START Data for the task
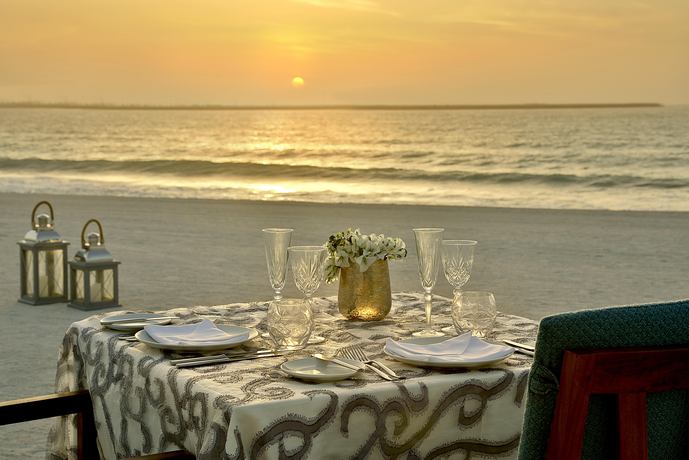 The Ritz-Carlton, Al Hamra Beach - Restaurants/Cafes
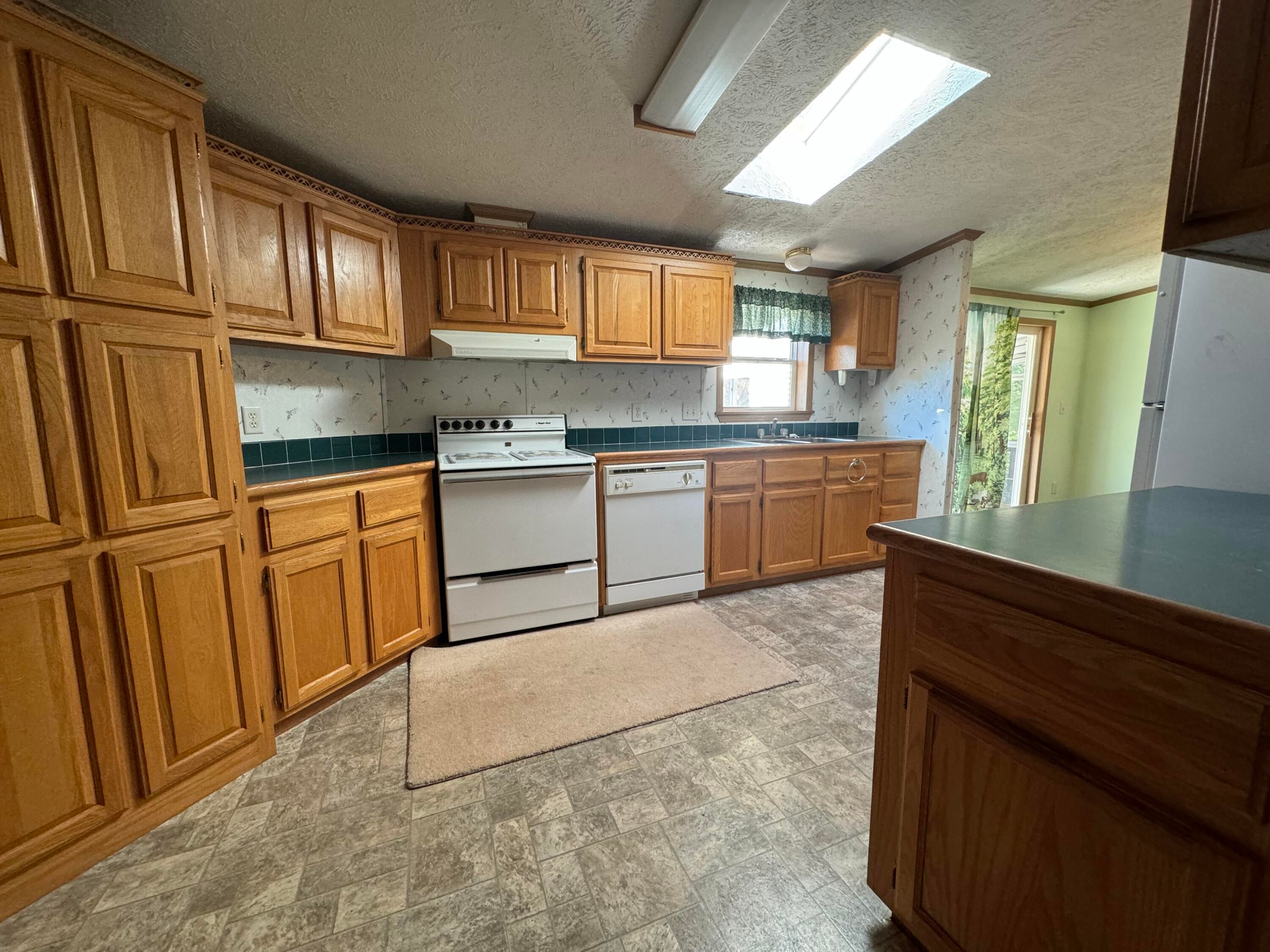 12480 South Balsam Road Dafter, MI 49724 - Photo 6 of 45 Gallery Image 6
END Data for the task
START Data for the task
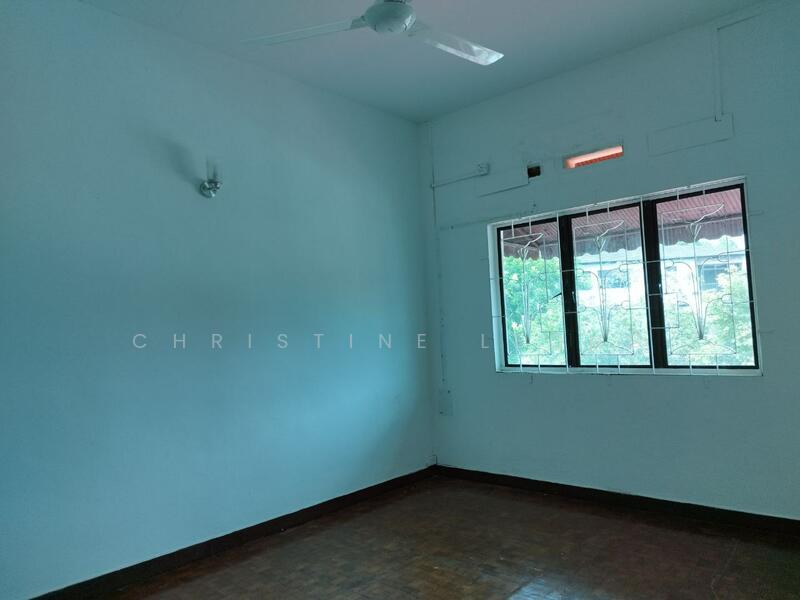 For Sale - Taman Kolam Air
END Data for the task
Task: "The Ritz-Carlton, Al" marks the first line to copy, and "12480 South Balsam" marks the last. Repeat that stretch above exactly, with no pictures.

Completed exercise:
 The Ritz-Carlton, Al Hamra Beach - Restaurants/Cafes
 12480 South Balsam Road Dafter, MI 49724 - Photo 6 of 45 Gallery Image 6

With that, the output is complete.